■ **PROBLEM TO WORK ON**:
Look below for the line that contains "6Pcs Black Charcoal" and the line that contains "Cartoon-Bären-Print Relaxed Fit", then restate both of them and every line in between, exactly. No picture goes in the copy.

** INFORMATION follows **

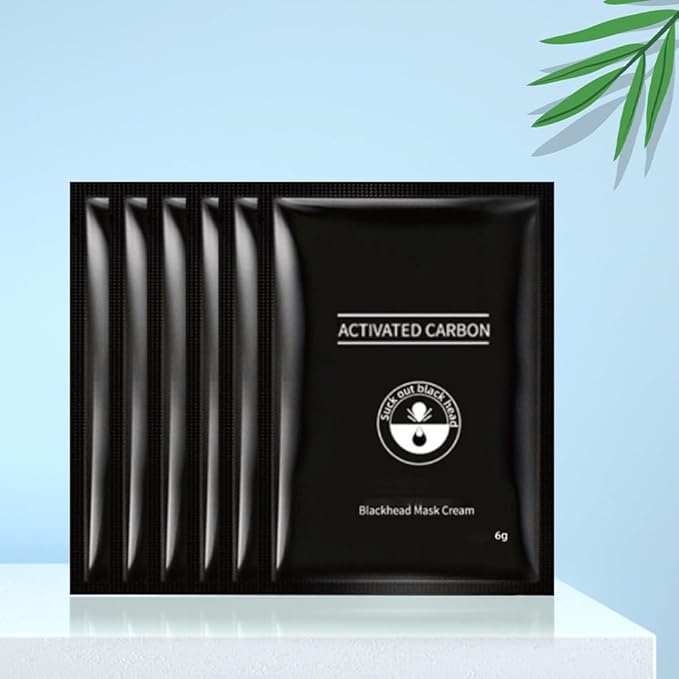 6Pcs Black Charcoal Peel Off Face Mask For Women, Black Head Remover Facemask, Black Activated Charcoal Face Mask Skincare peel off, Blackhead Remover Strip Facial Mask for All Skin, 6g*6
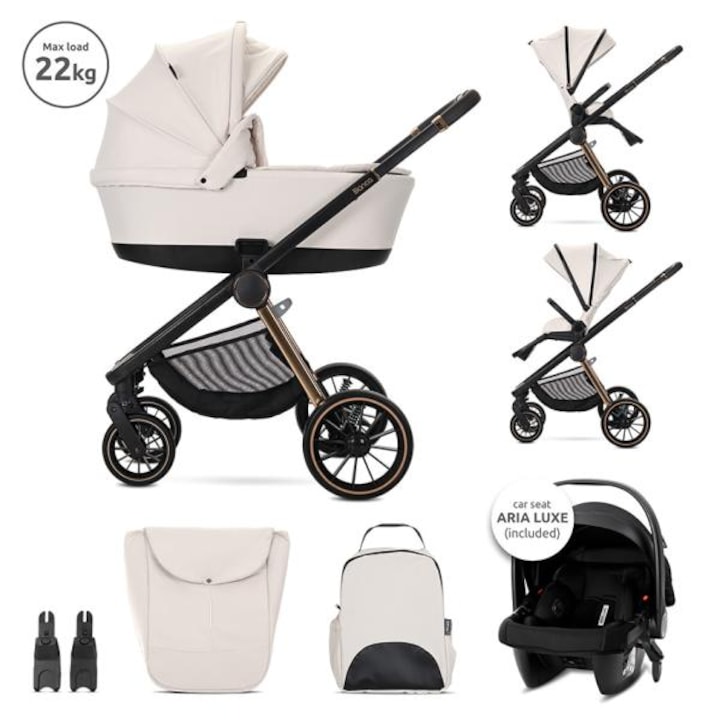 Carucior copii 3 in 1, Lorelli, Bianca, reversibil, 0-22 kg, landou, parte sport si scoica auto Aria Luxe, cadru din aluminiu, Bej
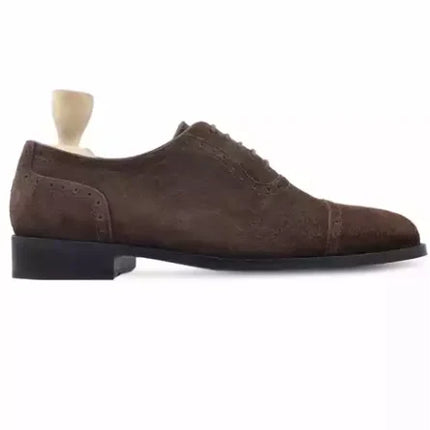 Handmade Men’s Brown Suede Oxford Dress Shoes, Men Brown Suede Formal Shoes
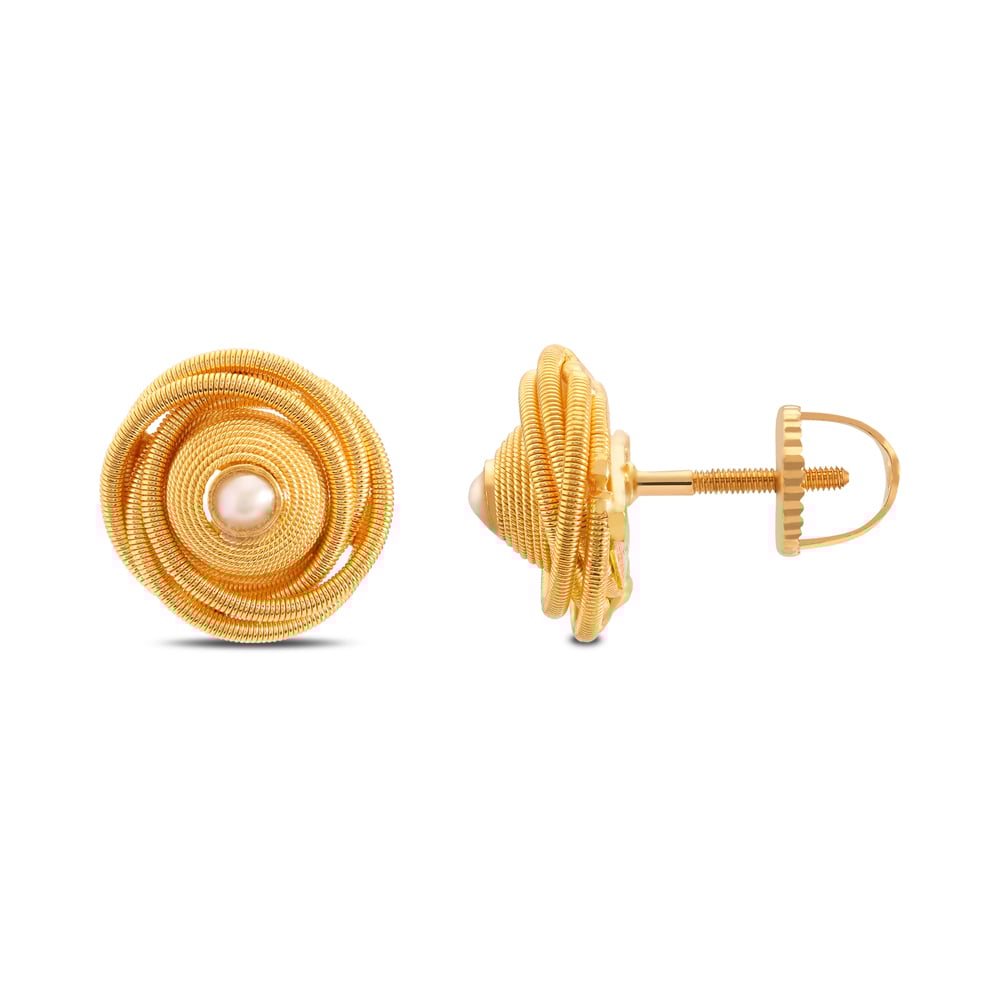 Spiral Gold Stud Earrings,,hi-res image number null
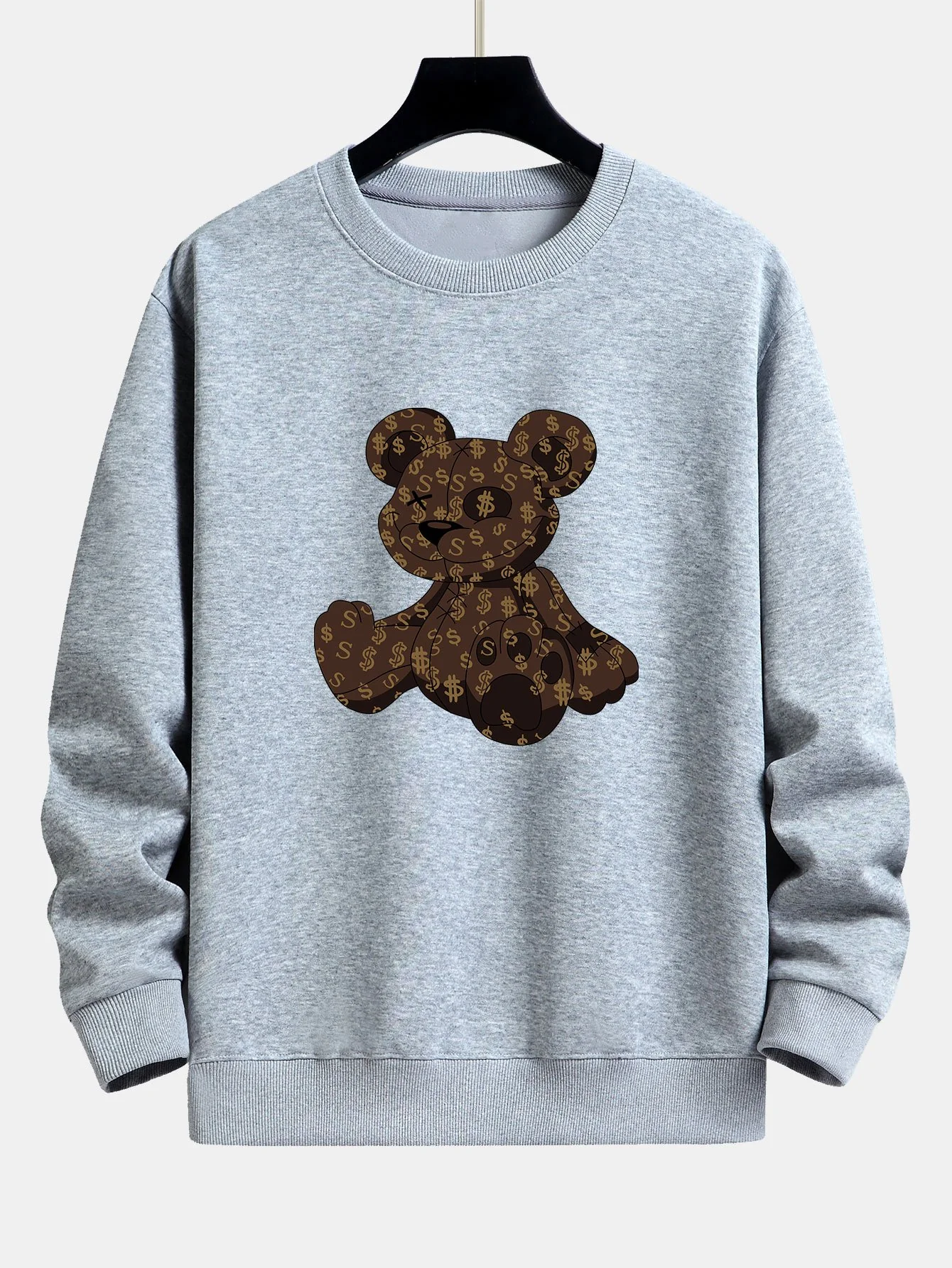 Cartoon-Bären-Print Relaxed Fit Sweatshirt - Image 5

** End of INFORMATION **
** INFORMATION follows **

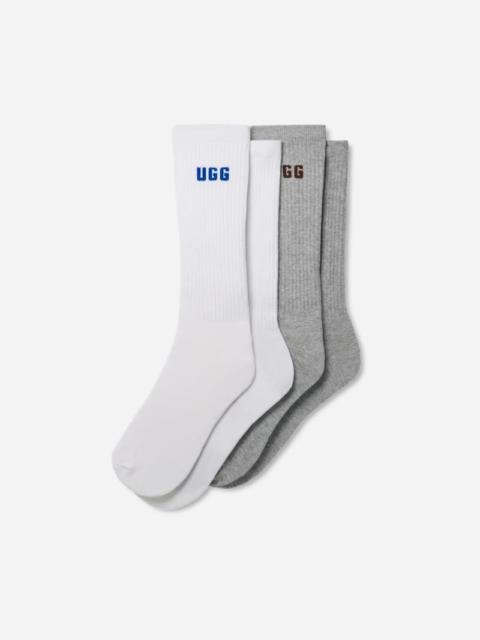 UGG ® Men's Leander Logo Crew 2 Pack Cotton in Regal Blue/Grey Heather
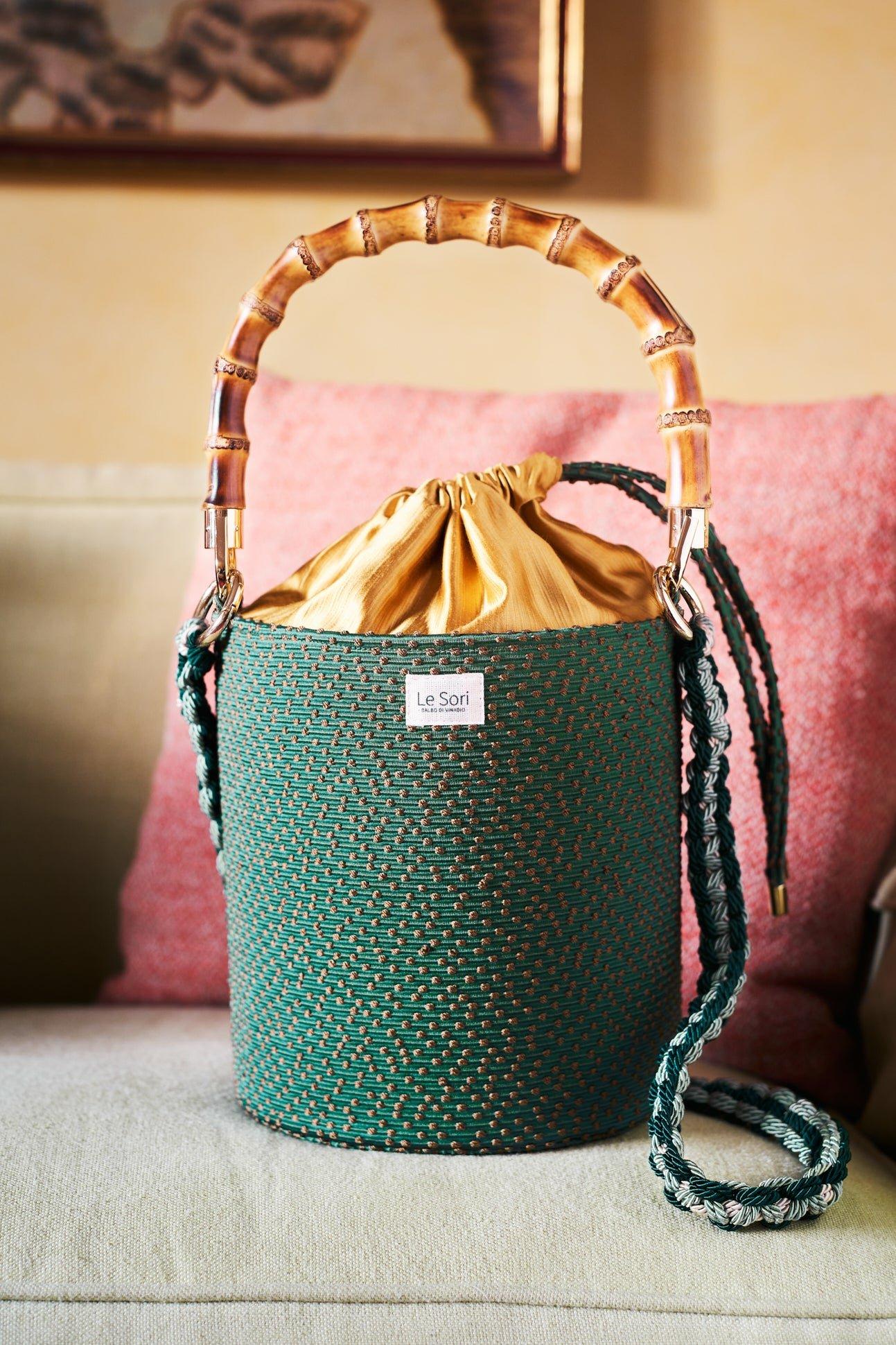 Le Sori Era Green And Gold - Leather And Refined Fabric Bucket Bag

** End of INFORMATION **

■ **RESPONSE BOX**:
 6Pcs Black Charcoal Peel Off Face Mask For Women, Black Head Remover Facemask, Black Activated Charcoal Face Mask Skincare peel off, Blackhead Remover Strip Facial Mask for All Skin, 6g*6
 Carucior copii 3 in 1, Lorelli, Bianca, reversibil, 0-22 kg, landou, parte sport si scoica auto Aria Luxe, cadru din aluminiu, Bej
 Handmade Men’s Brown Suede Oxford Dress Shoes, Men Brown Suede Formal Shoes
 Spiral Gold Stud Earrings,,hi-res image number null
 Cartoon-Bären-Print Relaxed Fit Sweatshirt - Image 5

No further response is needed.